Так что нужно играть разную музыку.



«Потерь сегодня гораздо больше, чем приобретений»

— Вы назвали Лютославского. А какое место может и должна занимать современная музыка в программах такого оркестра, как РНО? Насколько важен мировой современный репертуар или, может быть, наоборот, музыка советских композиторов второй половины XX века — во многом утраченная в концертной практике?

— Это невероятно важно, да и русская музыка первой половины XX века почти не звучит, вспомнить хотя бы замечательного композитора Гавриила Попова и его Первую симфонию... К сожалению, я не очень хорошо ориентируюсь в музыке, которая создается прямо сейчас, но стараюсь себя подталкивать, узнавать что-то новое для себя.
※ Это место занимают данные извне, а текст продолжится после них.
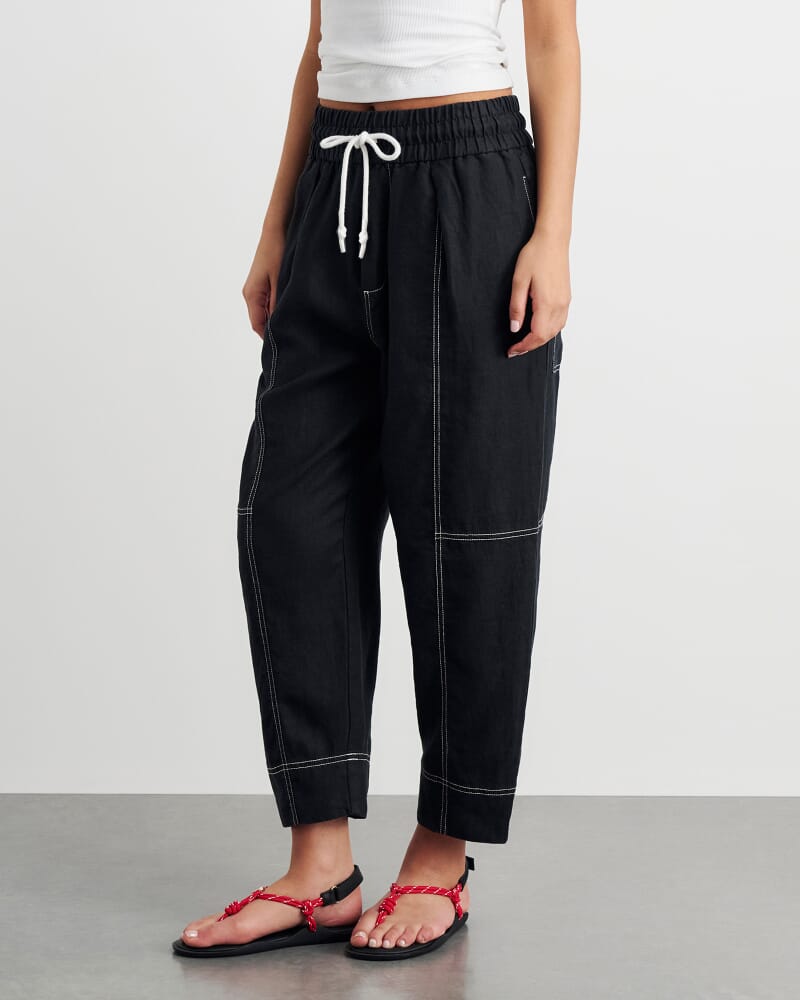 Sabine Linen Pull On Pant in BLACK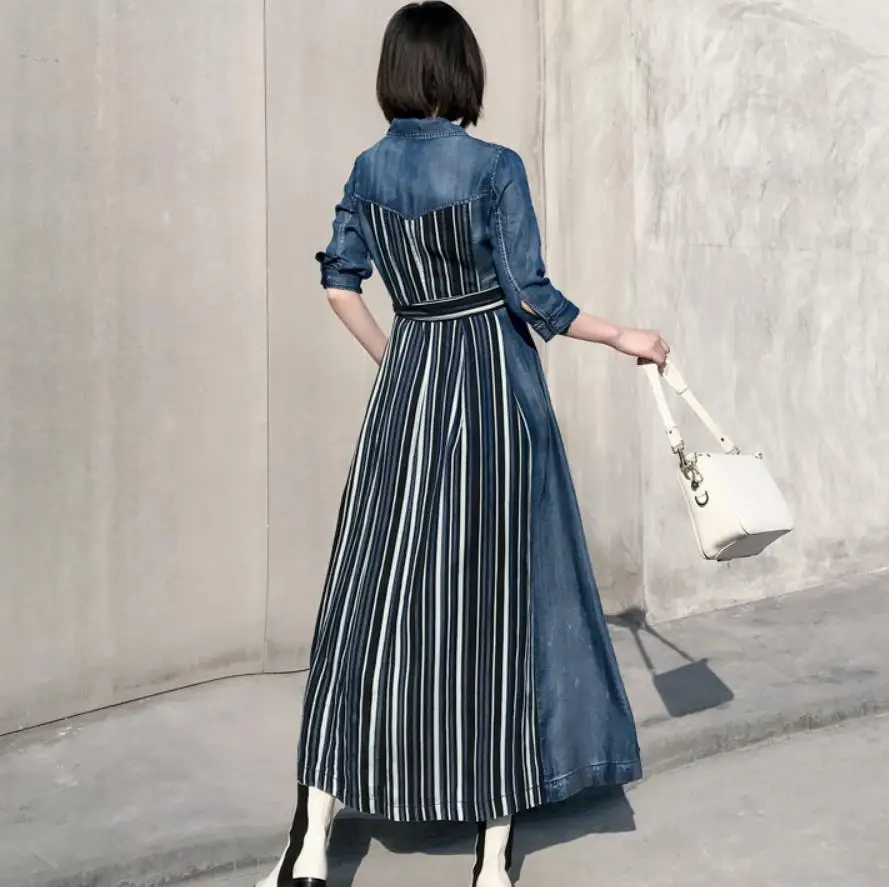 spring summer new denim stripe stitching Tencel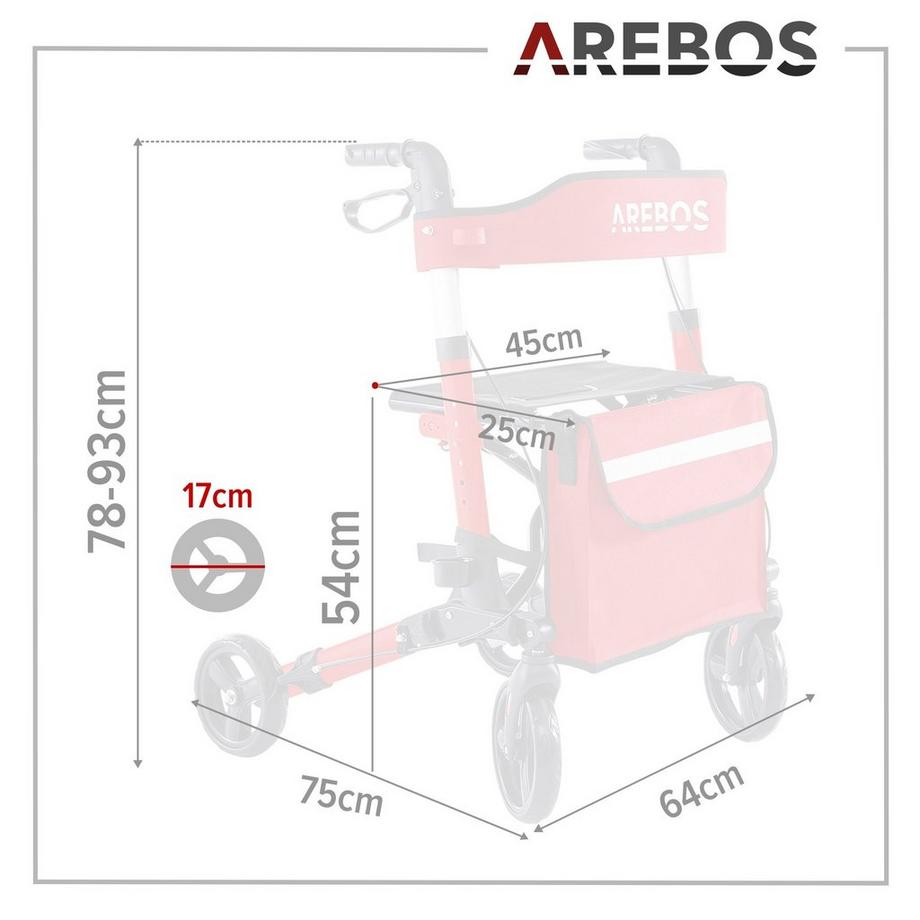Arebos  Alu Rollator | Klappbar | Leichtgewichtsrollator | 6 Höheneinstellung 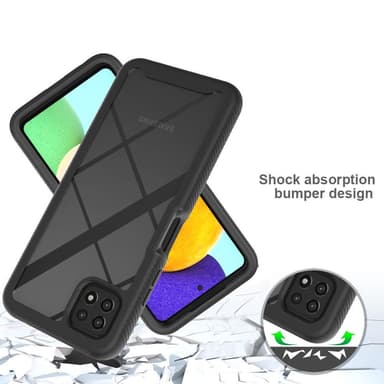 SKALO Samsung A22 5G Stødsikker Clear Hybrid Cover - Sort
Мы помним, что когда-то были квоты на исполнение сочинений советских композиторов. Да и сейчас в разных странах подобные правила, не обязательно формальные, сохраняются, и в концертах обязательно звучат новинки. Изгонять их из репертуара, довольствоваться только хорошо знакомым, условно говоря, Рахманиновым — это значит себя заживо законсервировать. Конечно, Рахманинов — это великая музыка. С тем большей осторожностью, бережностью следует к ней относиться. Сейчас, в связи с юбилеем, ее замусолят, заиграют… Кстати, многие ли помнят, что в 1930-е он считался воинствующим белогвардейцем и фашистом? Его музыка находилась почти под запретом. А теперь стала чуть ли не официозом. Примечательная и очень грустная метаморфоза…

— В вашем ведении теперь два коллектива — большой и малый. В том, что касается репертуара, площадок, самих музыкантов — два оркестра должны быть как сообщающиеся сосуды или важно их максимально развести? Например, у оркестра Musica Viva есть абонемент в Доме музыки, у РНО — нет. Это сделано специально?

— Вопрос сложный, отчасти даже проблематичный. Сначала я думал, что нужно сделать так, чтобы программы совсем не пересекались. Но это не всегда возможно. Исторически сложилось, что Musica Viva довольно часто обращается к симфоническим жанрам, по крайней мере романтическим. Это и Шуман, и Мендельсон, и даже Брамс. Недавно нам с РНО предложили поиграть симфонии Шумана, но у оркестра Musica Viva идет цикл Шумана в «Зарядье». Мы уже сыграли две симфонии и в наступающем сезоне сыграем еще две. А вот Бетховена у камерного оркестра в новом сезоне нет, по крайней мере в Москве, хотя мы очень много его играли и записывали. Зато он будет у РНО.

Что касается музыкантов, исполнители на духовых из РНО традиционно являются частыми гостями концертов Musica Viva. Это одна из причин, по которым я знаю многих музыкантов РНО. А разводить коллективы по площадкам — не думаю, что это разумно. В Доме музыки у нас с Musica Viva абонемент не в Большом, а в Камерном зале, я считаю этот цикл очень важным для себя. Он посвящен симфониям Гайдна, мы уже много их сыграли, порядка тридцати, и будем продолжать, это невероятно увлекательно. Саймон Рэттл как-то сказал, что единственное, что он взял бы с собой на необитаемый остров,— это не «Страсти по Матфею» Баха, а ораторию Гайдна. Я с ним согласен. И если не к симфониям, то к ораториям мы с РНО, возможно, обратимся. Музыка Гайдна — это невероятно важный источник радости, здоровья, надежды.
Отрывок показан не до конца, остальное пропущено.